Your answer must be the lines from the one containing "Rugged Radios - Rugged" through the last line below, copied exactly, with no pictures.

* **Dataset content**
■ ■ ■ ■ ■

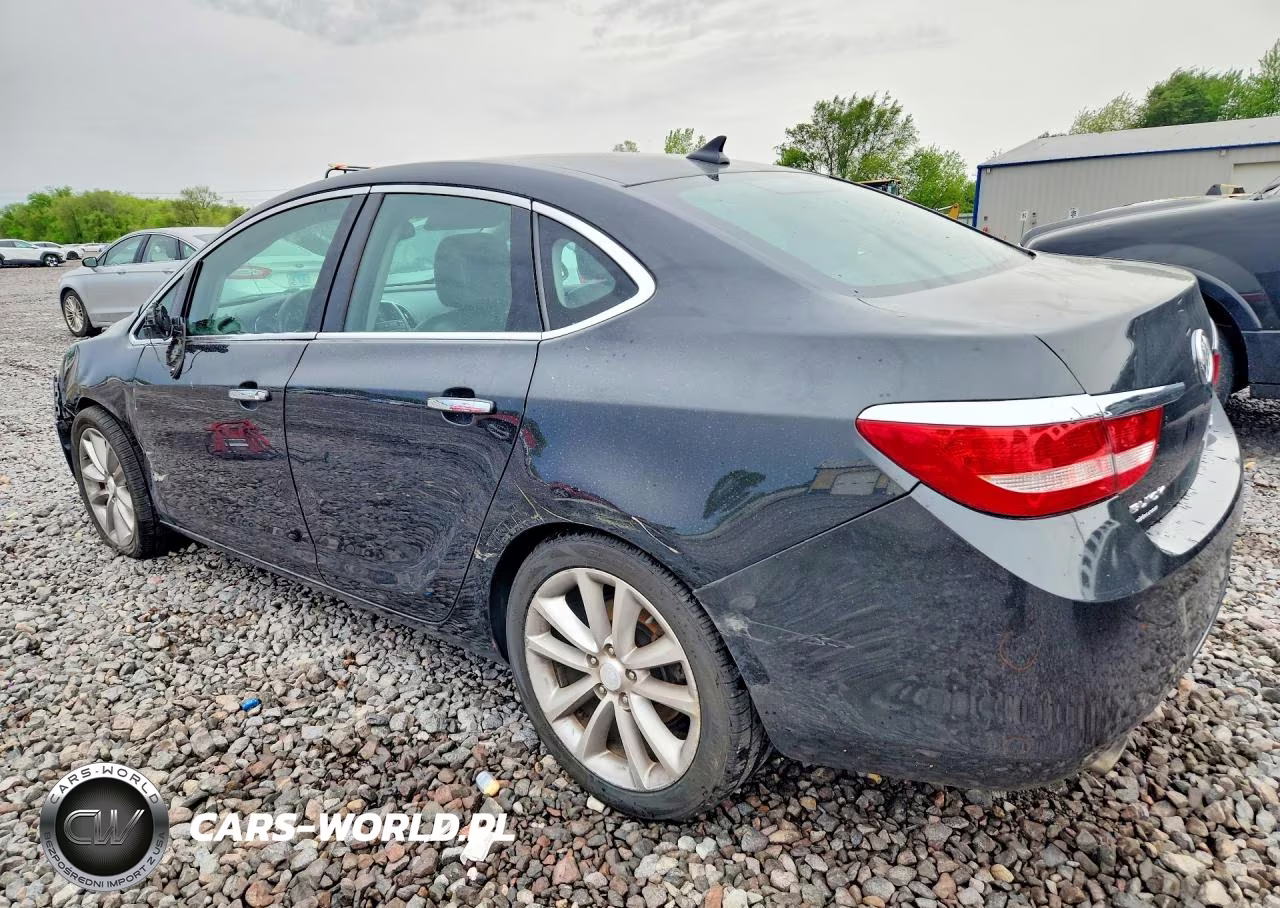 2014 Buick Verano VIN:1G4PS5SK6E4137072 - 2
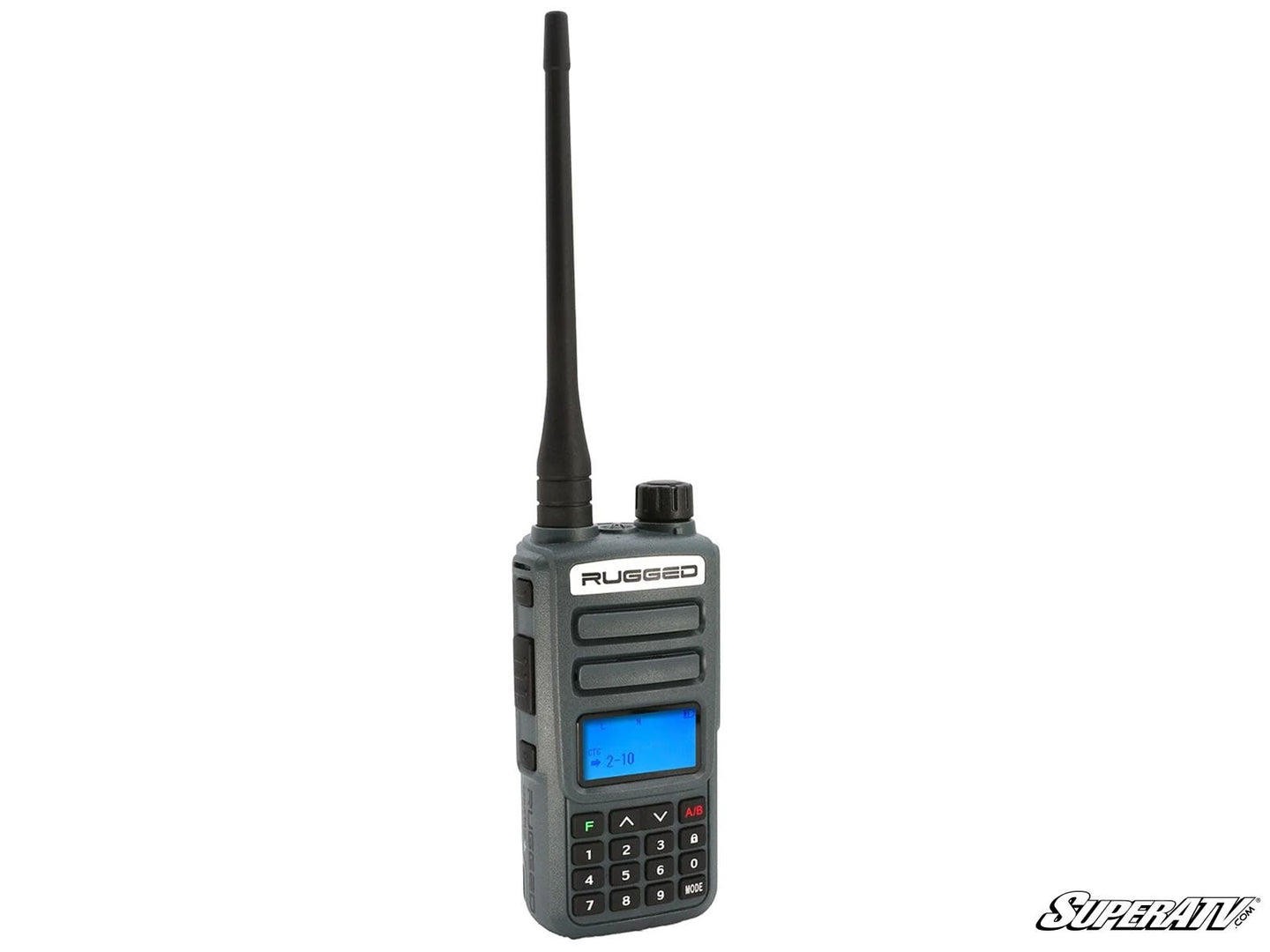 Rugged Radios - Rugged Radios Rugged GMR2 PLUS—GMRS and FRS Two-Way Handheld Radio - GMR2-PLUS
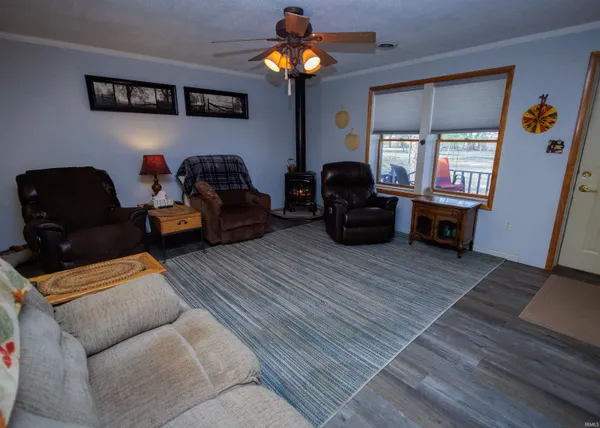 $264,900 | 4309 North Ruppert Road, Attica, IN 47918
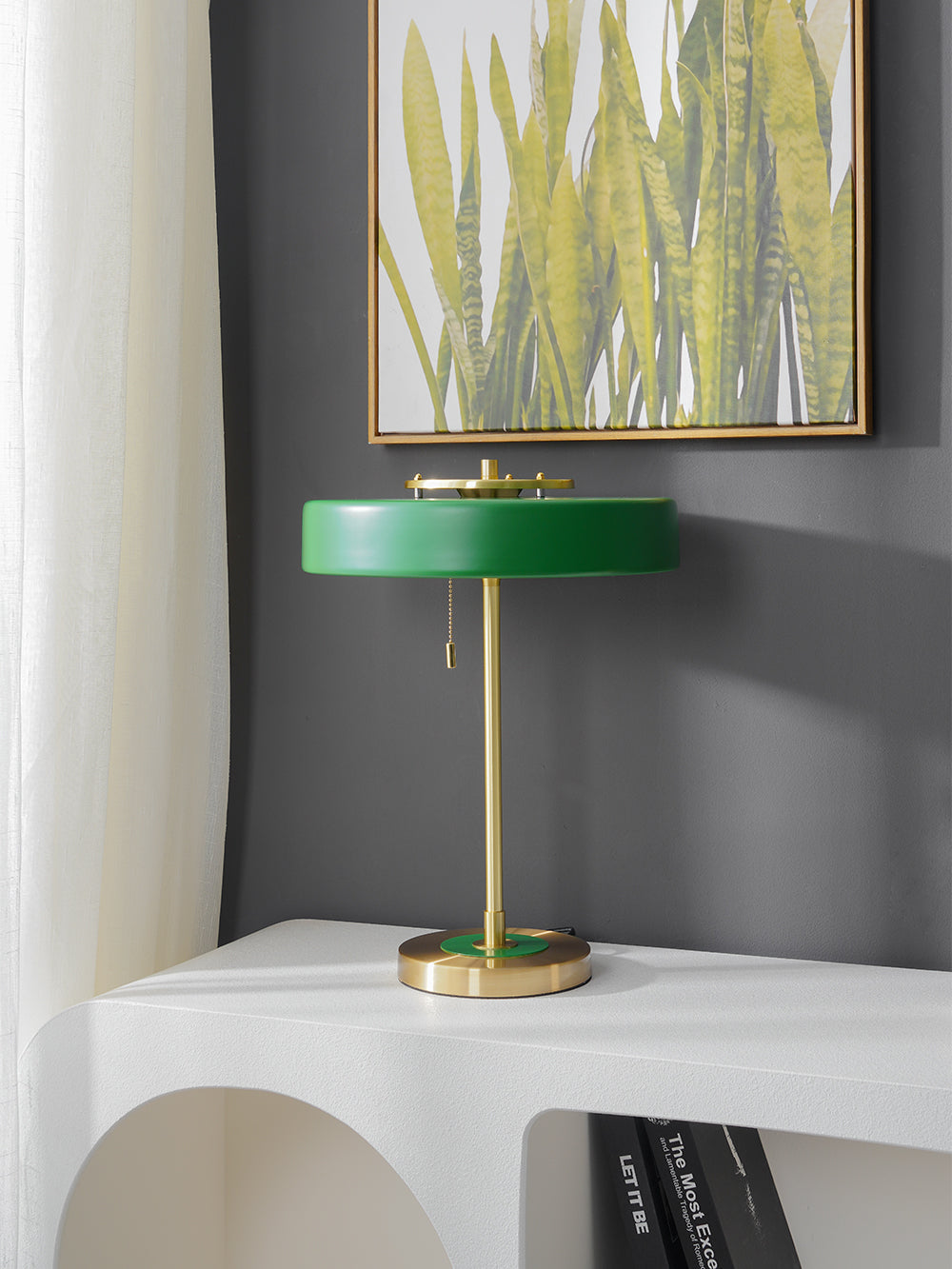 Lampe de table Helévia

■ ■ ■ ■ ■

* **Written response**
 Rugged Radios - Rugged Radios Rugged GMR2 PLUS—GMRS and FRS Two-Way Handheld Radio - GMR2-PLUS
 $264,900 | 4309 North Ruppert Road, Attica, IN 47918
 Lampe de table Helévia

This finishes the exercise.